Both the Native people of Afognak and the Russian immigrants continued to live off the land—hunting, fishing, and gathering what our island offered. Despite tensions between the Russian American Company and our people, many Alutiiq people learned Russian, married Russian workers, and converted to Russian Orthodoxy. In so doing, our ancestors did not abandon Alutiiq tradition, but added on to it, retaining their Native identity. The Russian workers who married into the Alaska Native community grew accustomed to life in Alaska. When they retired, many opted to move into retirement communities that the Russian American Company built. One of these communities, Russian Town, was located adjacent to Aleut Town on Afognak Island, and, over time, the two communities combined became known as Afognak. Many of the Alutiiq residents of Aleut Town became fluent in Russian.

1867—1912: The American Era

When the U.S. bought the occupation rights to Alaska, it turned a blind eye to our Native traditions, cultural practices and lifestyle, instituting a policy of zero tolerance for any language other than English in its schools.

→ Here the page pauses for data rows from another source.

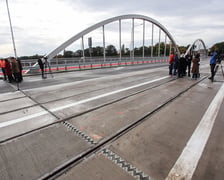 <p>Nowe mosty Chrobrego będą przejezdne już z nocy z soboty 28 na niedzielę 29 października</p>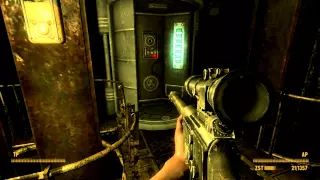 Let´s Play Fallout 3 Deutsch 278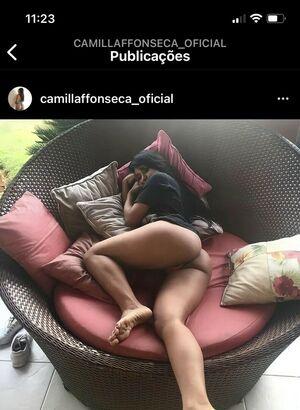 Camilla Fonseca leaked media #0005
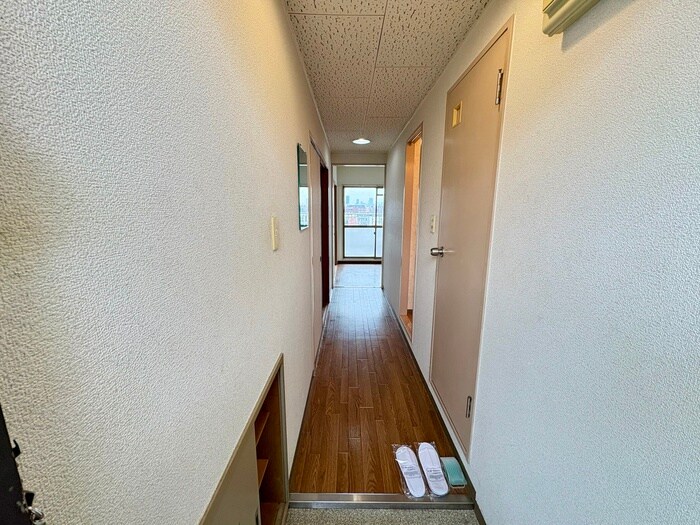 リアライズ神崎川駅前の物件内観写真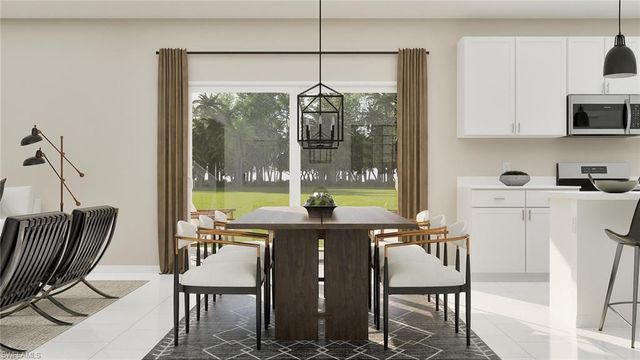 3913 Passion Vine DR, Alva, FL 33920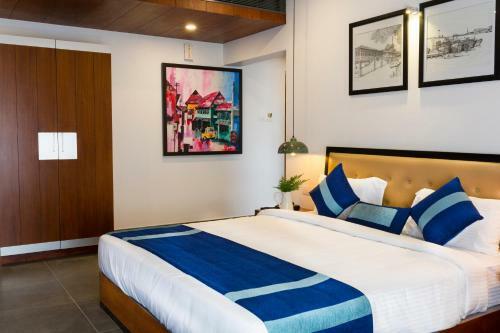 Hotel Neighbourhood, Cochin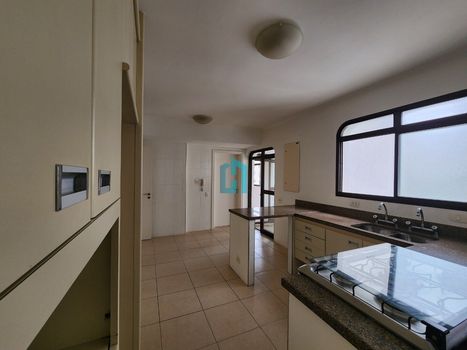 Foto 37 do(a) Apartamento de 3 quartos para alugar em Itaim Bibi, São Paulo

Nonetheless, our people continued to live a life that blended aspects of each of the cultures to which we were exposed; by the turn of the century, many young Ag’wanermiut were trilingual, speaking Alutiiq, our ancestral language, at home, Russian at church, and English at school. When commercial fishing began to flourish under U.S. business influence in the late 1800s, many canneries opened in Kodiak, and another group of people—fishermen from Scandinavia—arrived. While many of our people found employment in the canneries or in providing fish to the canneries, we began to face a new challenge to our subsistence lifestyle. The canneries’ demand for fish to export competed with our own need for food supplies.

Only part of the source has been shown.